» What this task involves: An exact transcription of all the data is required, with every image removed.

» Data section:
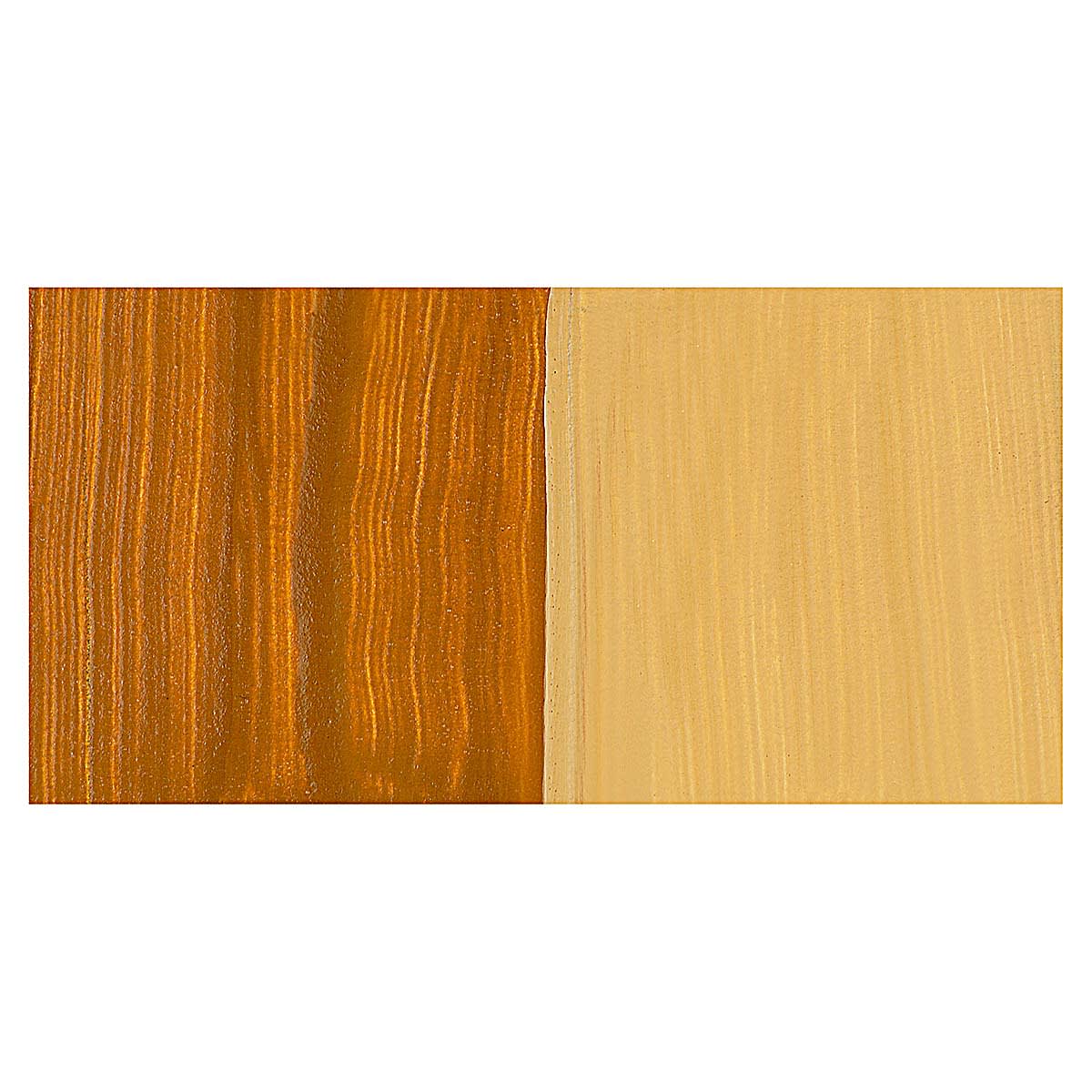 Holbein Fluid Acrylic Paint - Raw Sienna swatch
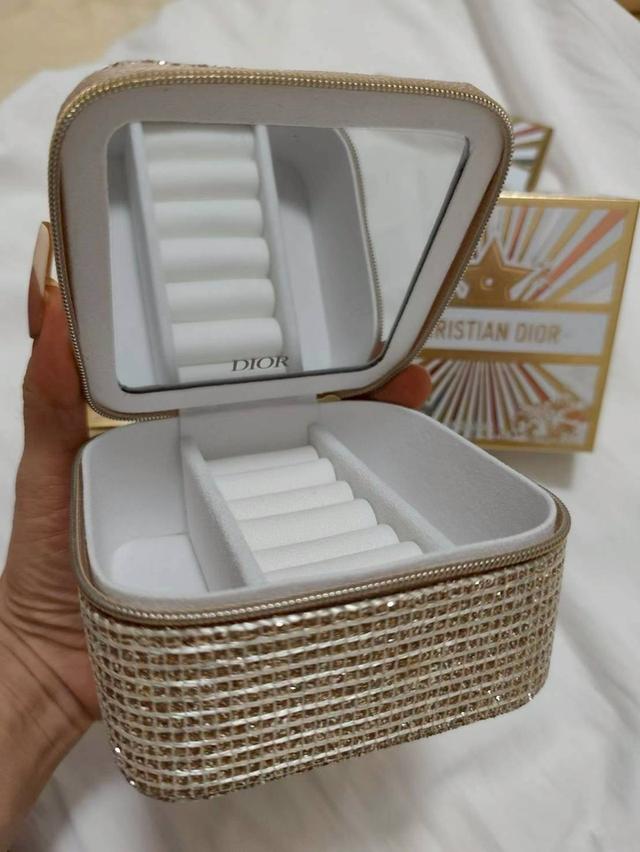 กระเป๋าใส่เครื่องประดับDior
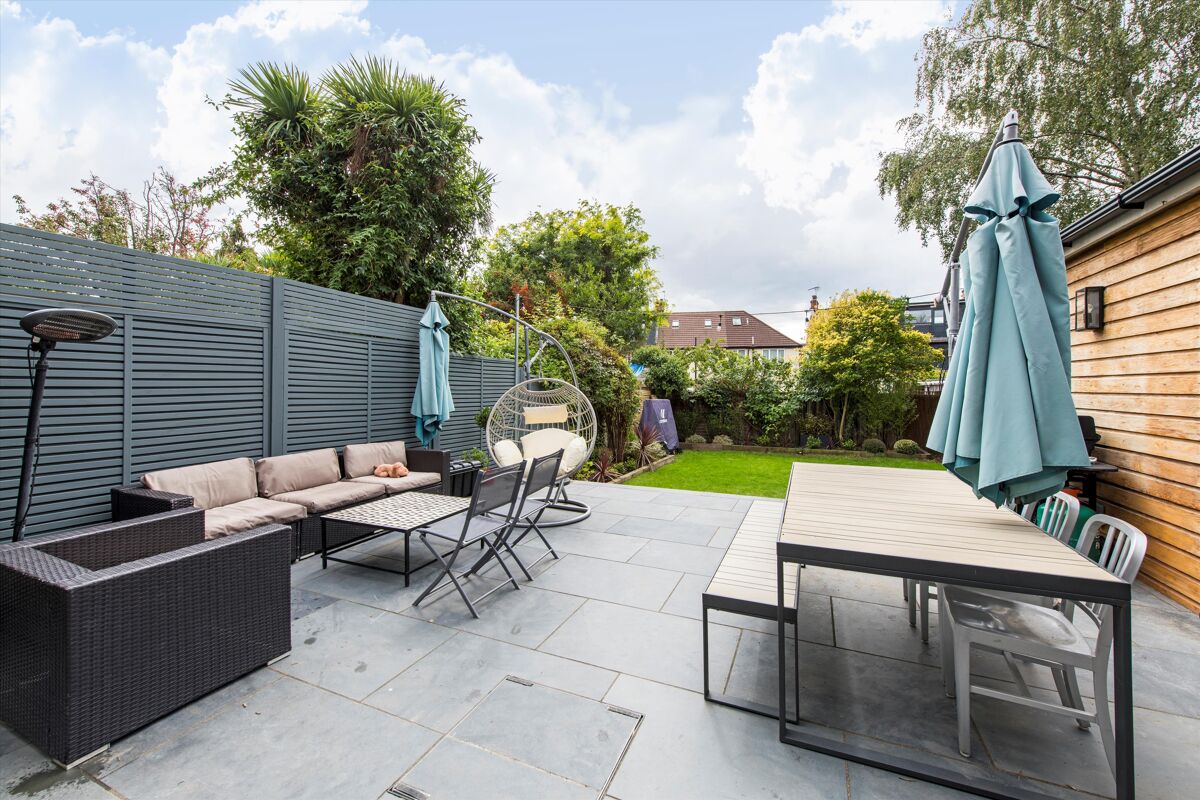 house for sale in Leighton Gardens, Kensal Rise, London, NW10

» Response area:
 Holbein Fluid Acrylic Paint - Raw Sienna swatch
 กระเป๋าใส่เครื่องประดับDior
 house for sale in Leighton Gardens, Kensal Rise, London, NW10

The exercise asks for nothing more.